--- EXERCISE DIRECTIONS ---
Print the data below exactly as it stands, and keep the pictures out.

--- DATA SEGMENT ---
== Segment start ==
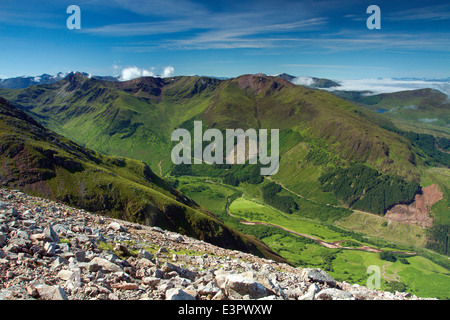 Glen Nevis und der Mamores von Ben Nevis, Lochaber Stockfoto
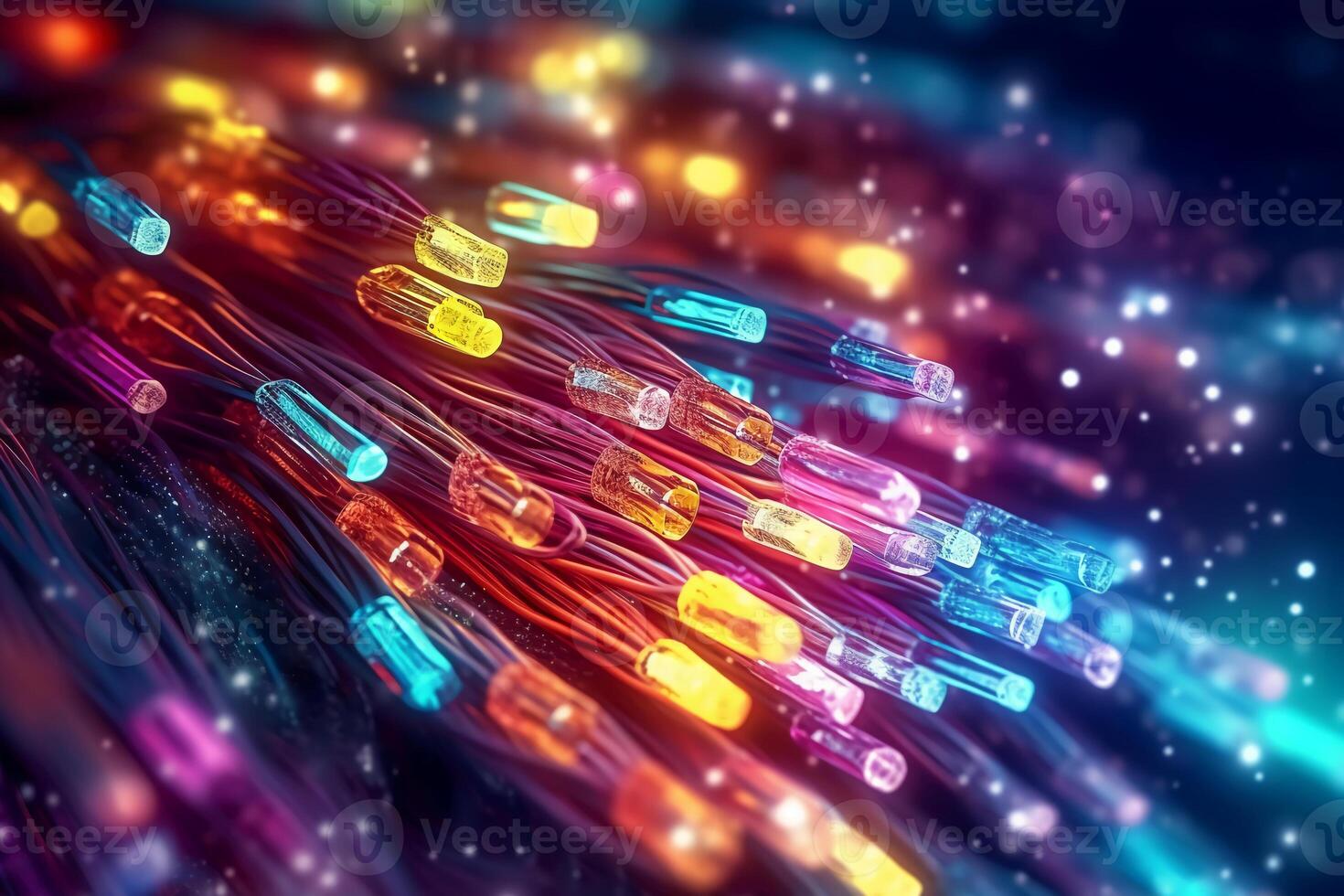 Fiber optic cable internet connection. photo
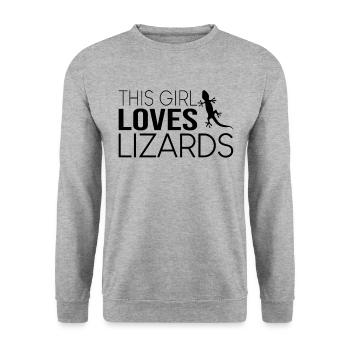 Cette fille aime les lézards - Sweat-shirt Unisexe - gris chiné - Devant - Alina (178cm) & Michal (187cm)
== Segment end ==
--- YOUR RESPONSE ---
 Glen Nevis und der Mamores von Ben Nevis, Lochaber Stockfoto
 Fiber optic cable internet connection. photo
 Cette fille aime les lézards - Sweat-shirt Unisexe - gris chiné - Devant - Alina (178cm) & Michal (187cm)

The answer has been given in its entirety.